→ Source material
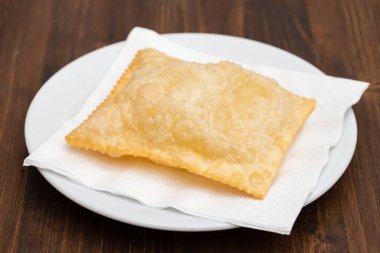 typical brazilian fried pastry on white small plate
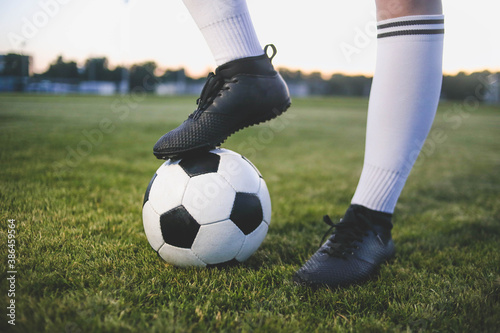 Legs of a female soccer or football player on ball at stadium, close up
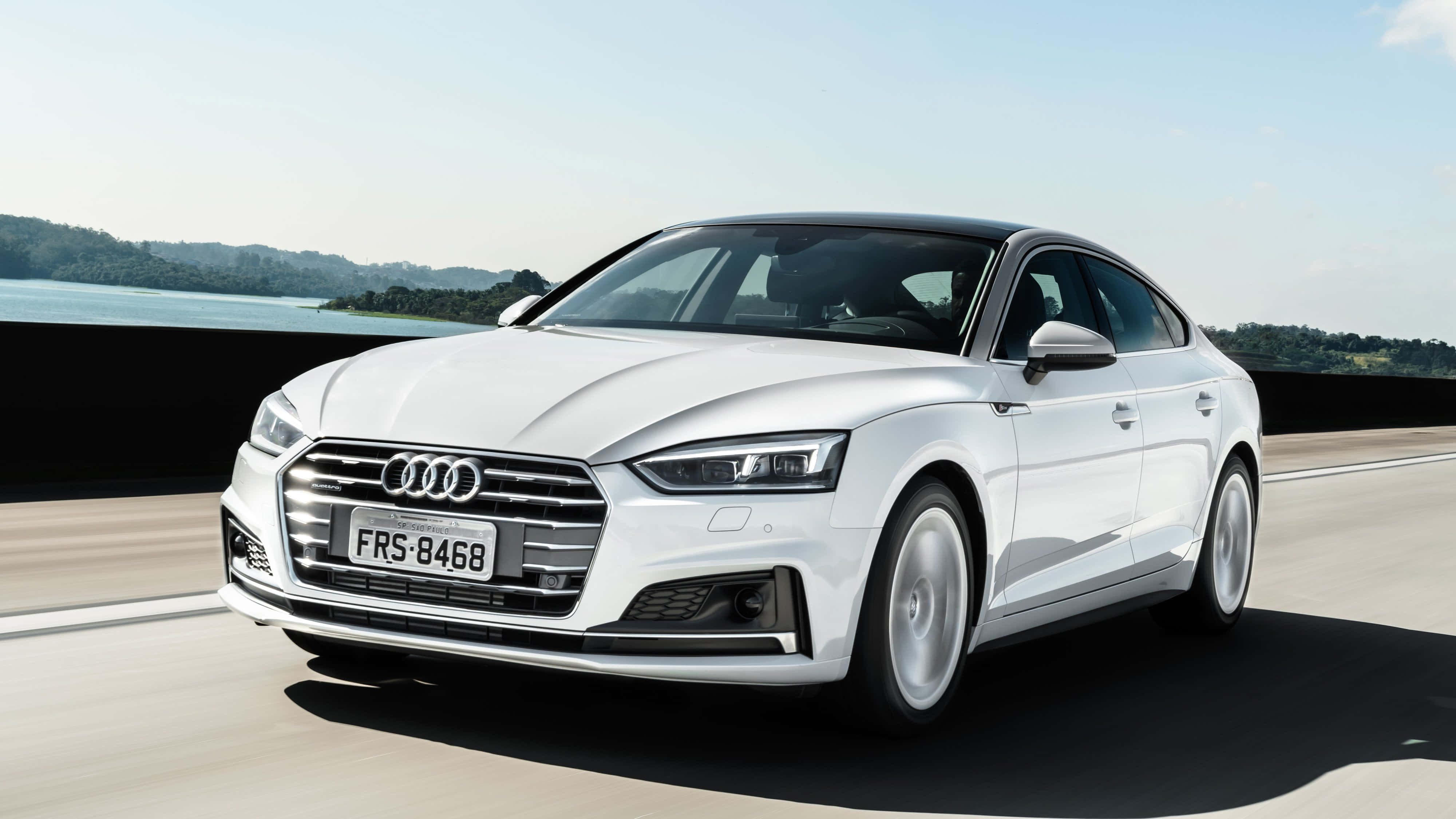 Audi A5 桌布 壁紙 — 一輛時尚的白色奧迪轎車在高速公路上行駛，背景是風景如畫的湖泊和森林覆蓋的山丘，天空清澈湛藍。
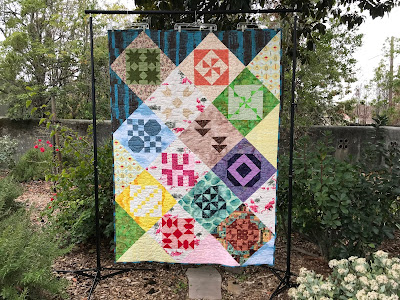 Sampler quilt with faux on-point setting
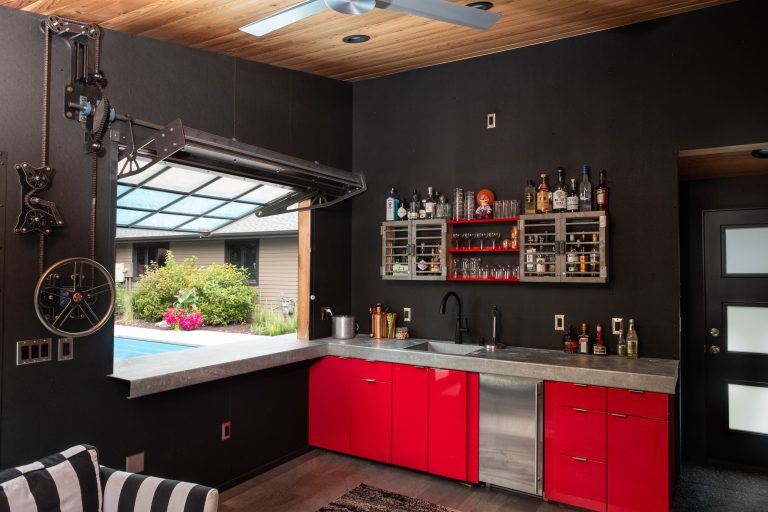 Example of a mid-sized trendy backyard patio kitchen design in Other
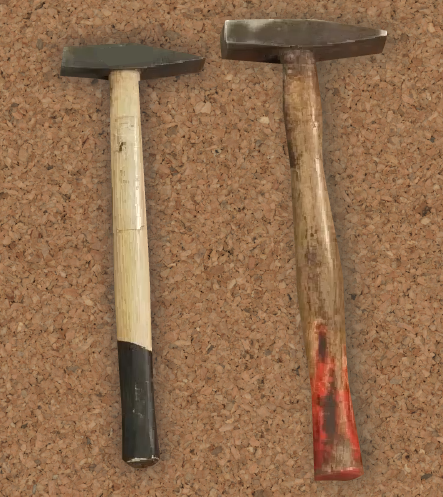 Zdjęcie przedstawia dwa młotki - większy i mniejszy. Młotki składają się z metalowych głów i drewnianych rękojeści. 
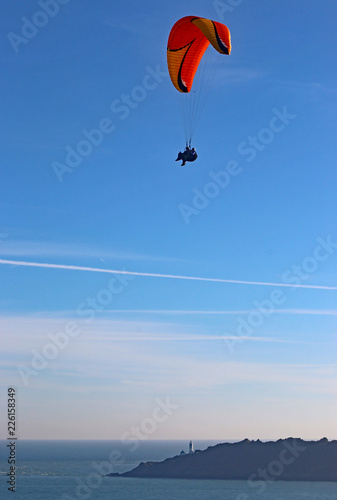 Tandem paraglider above Start Bay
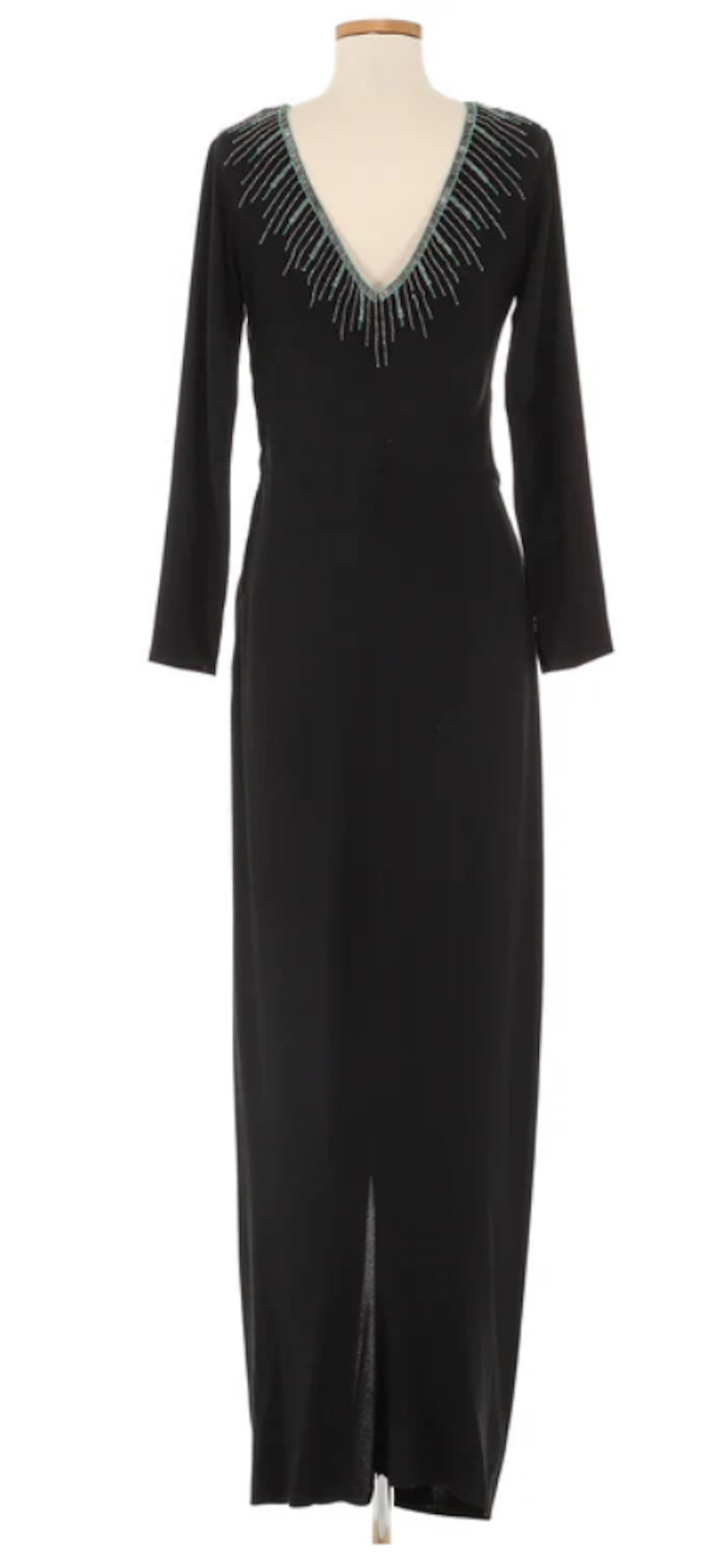 VINTAGE GRACE NY

Ceil Chapman Vestido negro de manga larga adornado c. Años 40-1950. Ceil Chapman, conocida por ser la diseñadora de moda de Marilyn Monroe, alcanzó la fama en los años 40 y 50 por crear trajes de noche glamurosos y accesibles. El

→ Assignment
Exclude the images and copy every record above exactly.

→ Solution to the problem
 typical brazilian fried pastry on white small plate
 Legs of a female soccer or football player on ball at stadium, close up
 Audi A5 桌布 壁紙 — 一輛時尚的白色奧迪轎車在高速公路上行駛，背景是風景如畫的湖泊和森林覆蓋的山丘，天空清澈湛藍。
 Sampler quilt with faux on-point setting
 Example of a mid-sized trendy backyard patio kitchen design in Other
 Zdjęcie przedstawia dwa młotki - większy i mniejszy. Młotki składają się z metalowych głów i drewnianych rękojeści. 
 Tandem paraglider above Start Bay
 VINTAGE GRACE NY

Ceil Chapman Vestido negro de manga larga adornado c. Años 40-1950. Ceil Chapman, conocida por ser la diseñadora de moda de Marilyn Monroe, alcanzó la fama en los años 40 y 50 por crear trajes de noche glamurosos y accesibles. El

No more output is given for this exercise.